In [2]:
import matplotlib.pyplot as plt
%matplotlib inline

# load data
# The result will be two lists of tuples, processed_training_data and processed_testing_data.
# Each tuple in the list will have only two parts: data and label (in that order)
# The data is a list of numerical attributes stored as floats.
# The label is a single float that represents the label.
with open("iris_train.data", 'r') as raw_training_data:
    processed_training_data = [[float(x) for x in str.split(raw_datum, ",")] for raw_datum in raw_training_data]
    processed_training_data = [(datapoint[0:-2], datapoint[-1]) for datapoint in processed_training_data]
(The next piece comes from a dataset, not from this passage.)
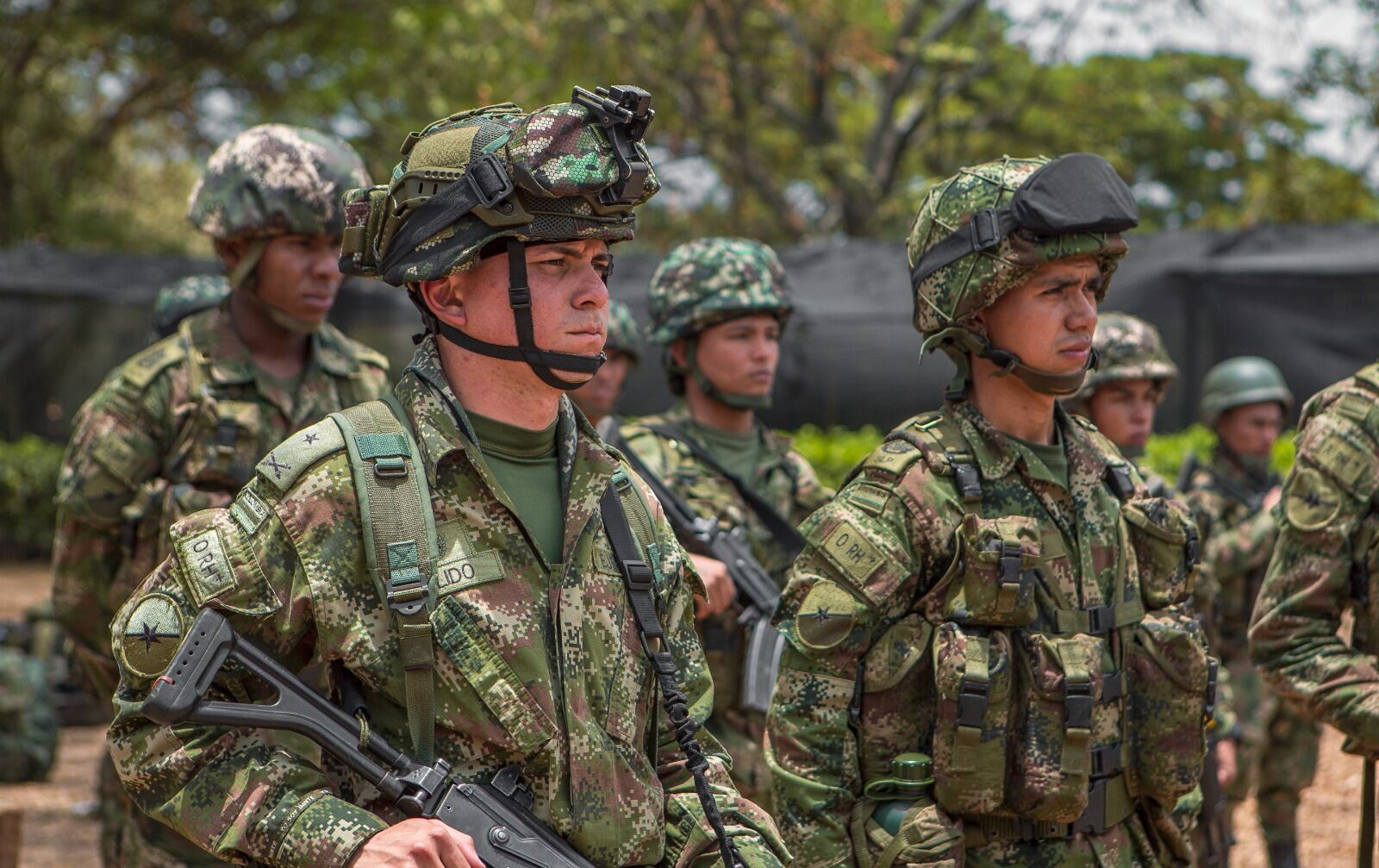 El llamado a los habitantes huilenses es a ser solidarios con sus Fuerzas Militares, a informar cualquier hecho que pueda desestabilizar el orden público en la región y a denunciar el actuar criminal, aportando a la labor de la justicia.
with open("iris_test.data", 'r') as raw_test_data:
    processed_test_data = [[float(x) for x in str.split(raw_datum, ",")] for raw_datum in raw_test_data]
    processed_test_data = [(datapoint[0:-2], datapoint[-1]) for datapoint in processed_test_data]

In [3]:
def distance(vec1, vec2):
    # calculate the distance between two vectors, or data points. 
    pass;

def majority_vote(labels):
    # labels is expected to be a list of labels (in this case floats) from nearest to furtherest.
    # Figure out which label is most represented and what to do if there are ties. 
    # Hint: import Counter
    pass;

def knn_classify(k, labeled_points, new_point):
    # k is an int
    # labeled_points will most likely be the training_data, whose format is described above.
    # new_point will be a list of numerical attributes that represents a new, unlabelled data point.
    pass;

In [4]:
def run_test(test_data_entry, k=1):
    predicted_label = knn_classify(k, processed_training_data, test_data_entry[0])
    given_label = test_data_entry[1]
    return (1 if given_label == predicted_label else 0, predicted_label, given_label);

full_test_results = [run_test(datum) for datum in processed_test_data]
test_results = [result[0] for result in full_test_results]
accuracy = float(sum(test_results)) / len(test_results)
print """Accuracy = %0.2f"""%(accuracy)


Accuracy = 0.00

In [5]:
K_RANGE = range(1, 120)
accuracy_for_k = range(0, len(K_RANGE)) # Only as placeholder
for idx, k in enumerate(K_RANGE):
    test_results = [run_test(datum, k)[0] for datum in processed_test_data]
    accuracy_for_k[idx] = float(sum(test_results)) / len(test_results)
    
plt.plot(K_RANGE, accuracy_for_k)


Out[5]:
[<matplotlib.lines.Line2D at 0x7b4df28>]